* Directions
The lines wanted are those from the one containing "Helped out Megabots" to the last line of the entries below; output them exactly, leaving out pictures.

* Data supplied
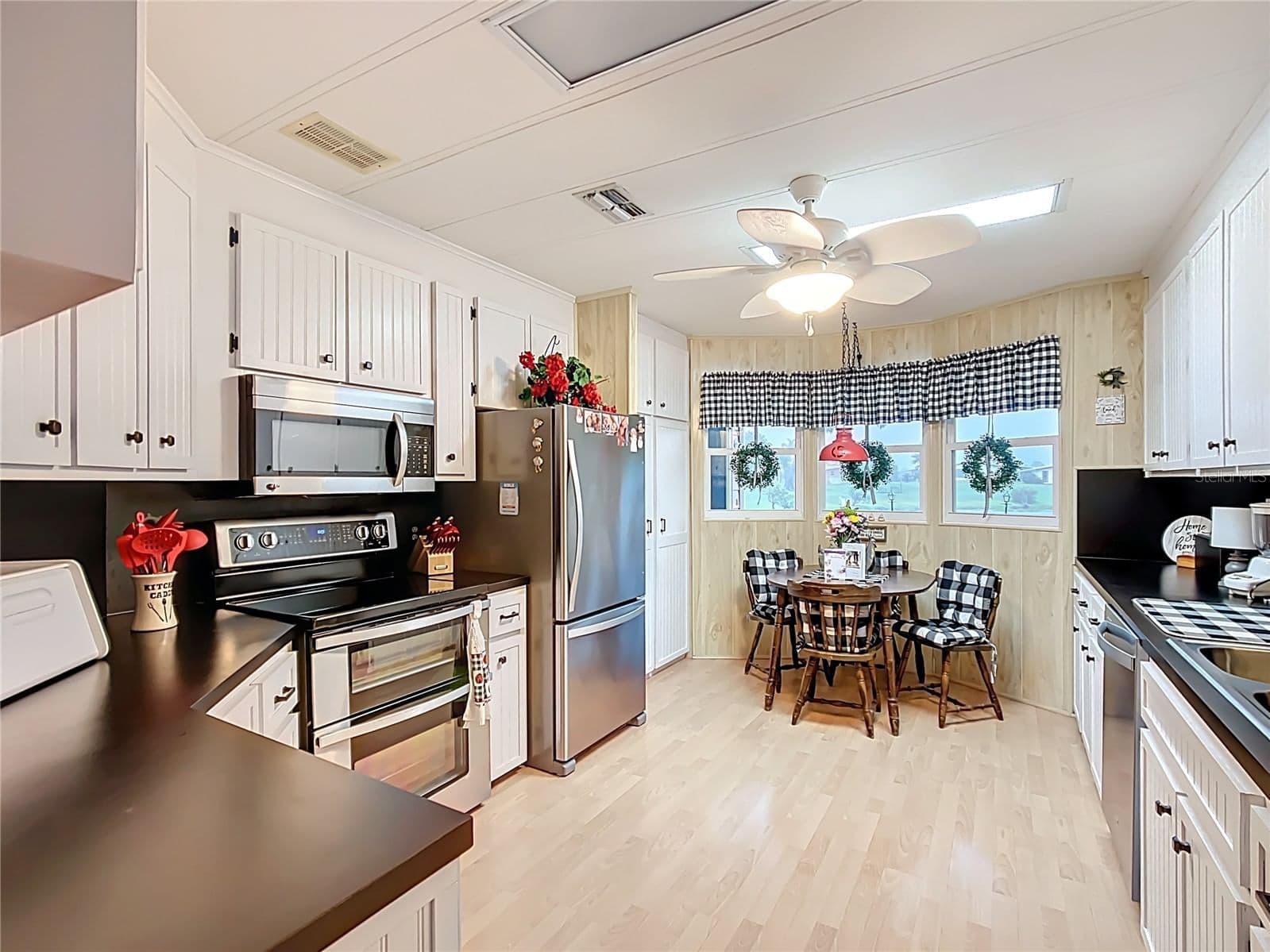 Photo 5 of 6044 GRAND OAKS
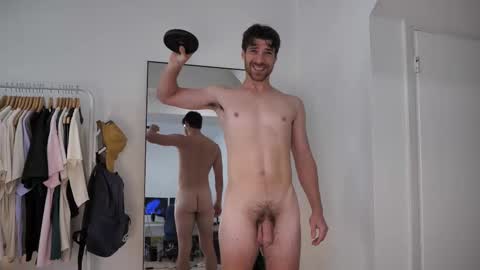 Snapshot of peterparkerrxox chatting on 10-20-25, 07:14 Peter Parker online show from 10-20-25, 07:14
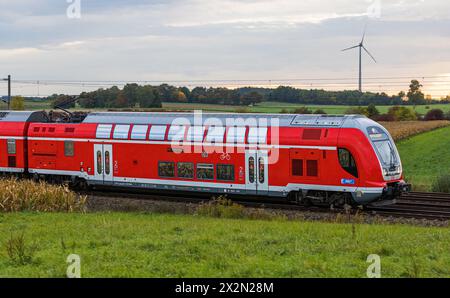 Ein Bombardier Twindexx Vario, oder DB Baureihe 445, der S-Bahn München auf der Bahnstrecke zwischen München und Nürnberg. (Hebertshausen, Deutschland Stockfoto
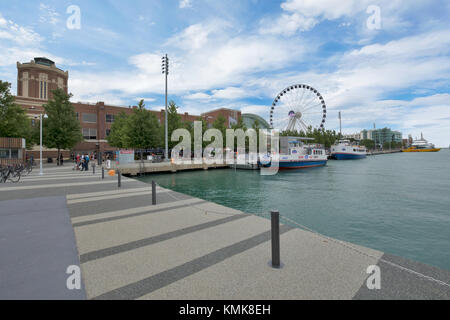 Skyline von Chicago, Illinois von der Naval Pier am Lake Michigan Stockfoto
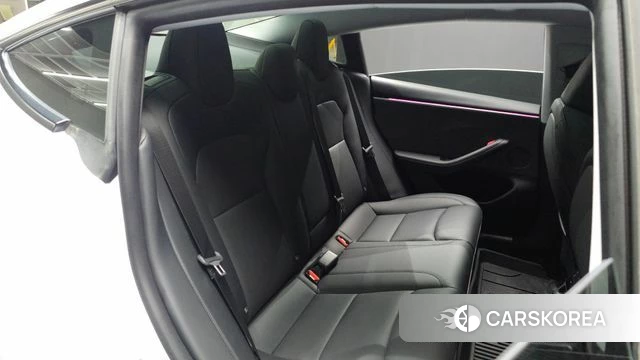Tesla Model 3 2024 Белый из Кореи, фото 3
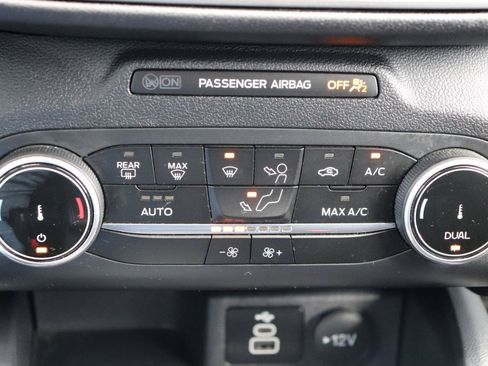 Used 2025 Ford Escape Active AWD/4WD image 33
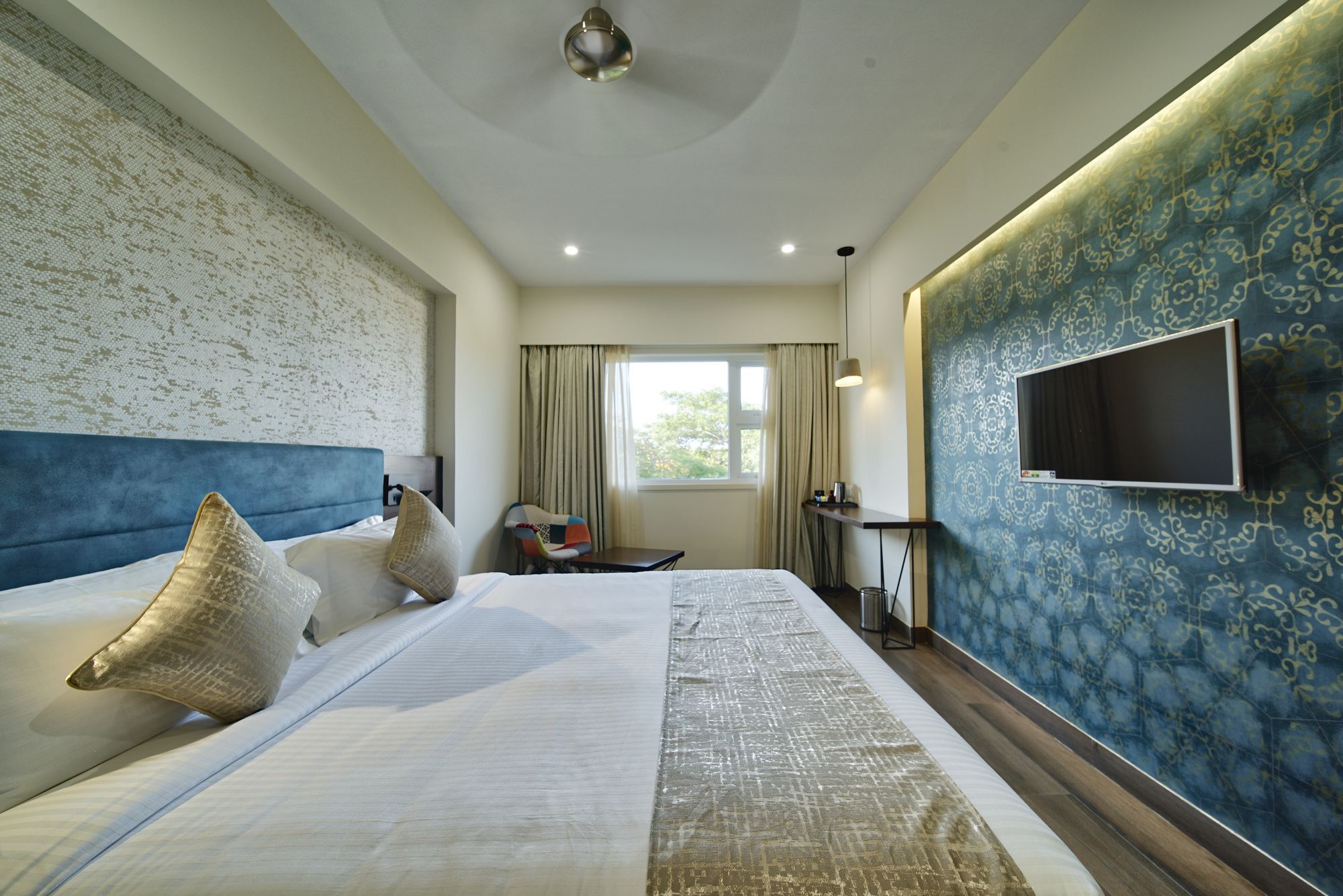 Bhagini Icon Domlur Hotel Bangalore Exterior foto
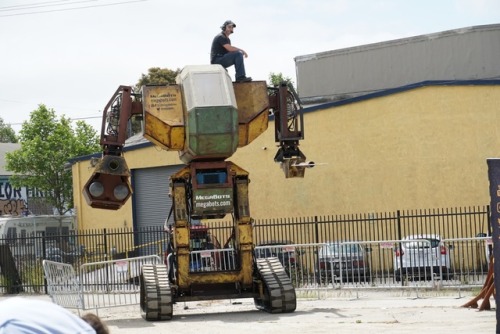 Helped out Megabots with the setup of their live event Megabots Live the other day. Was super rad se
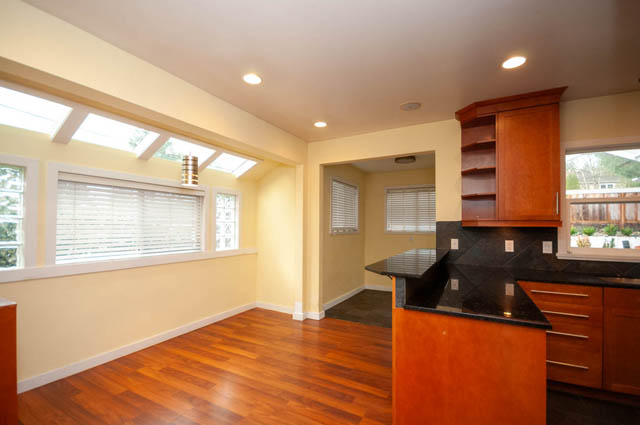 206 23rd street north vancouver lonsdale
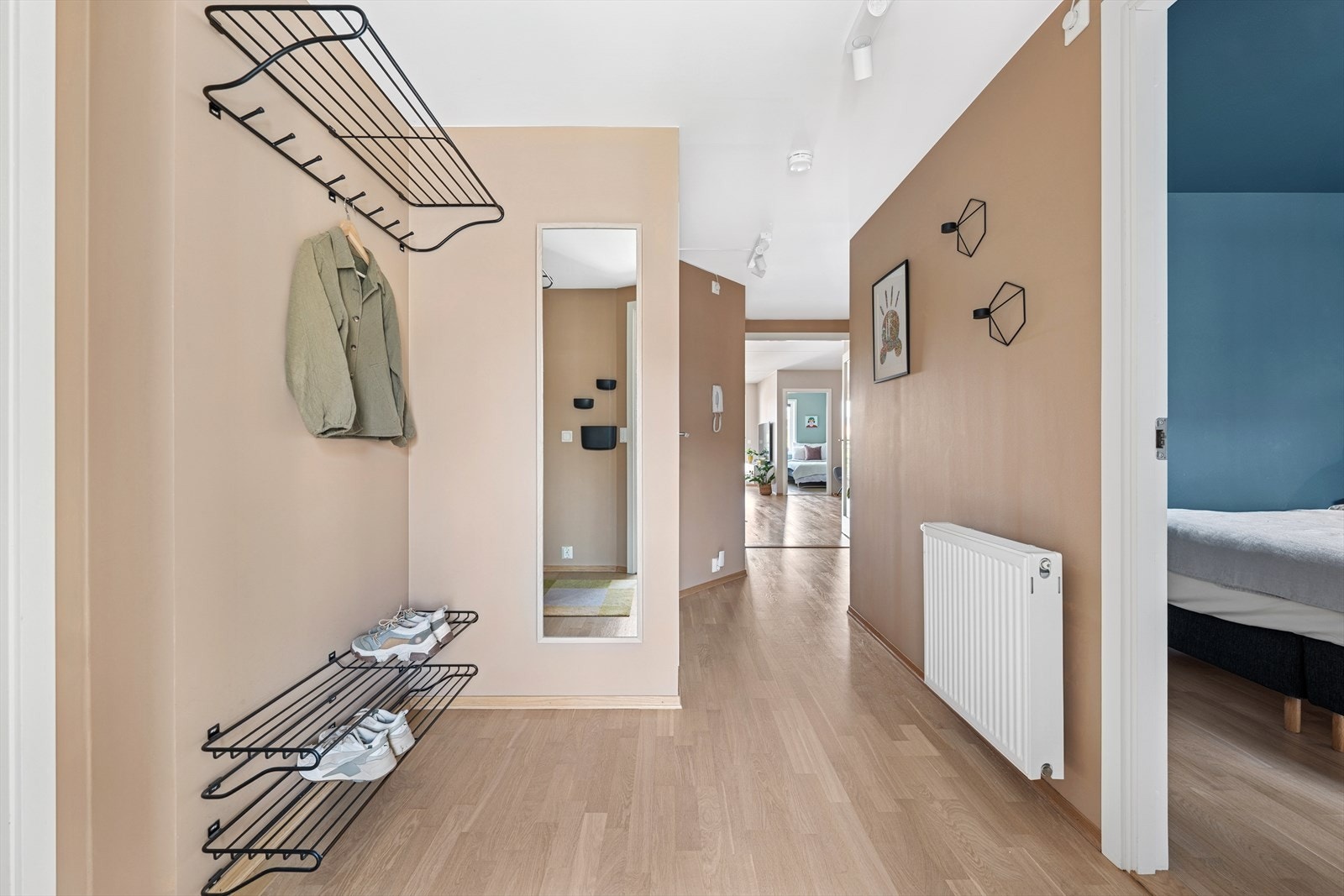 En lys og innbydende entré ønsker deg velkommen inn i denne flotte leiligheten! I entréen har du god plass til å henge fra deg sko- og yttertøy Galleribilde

* Task output
 Helped out Megabots with the setup of their live event Megabots Live the other day. Was super rad se
 206 23rd street north vancouver lonsdale
 En lys og innbydende entré ønsker deg velkommen inn i denne flotte leiligheten! I entréen har du god plass til å henge fra deg sko- og yttertøy Galleribilde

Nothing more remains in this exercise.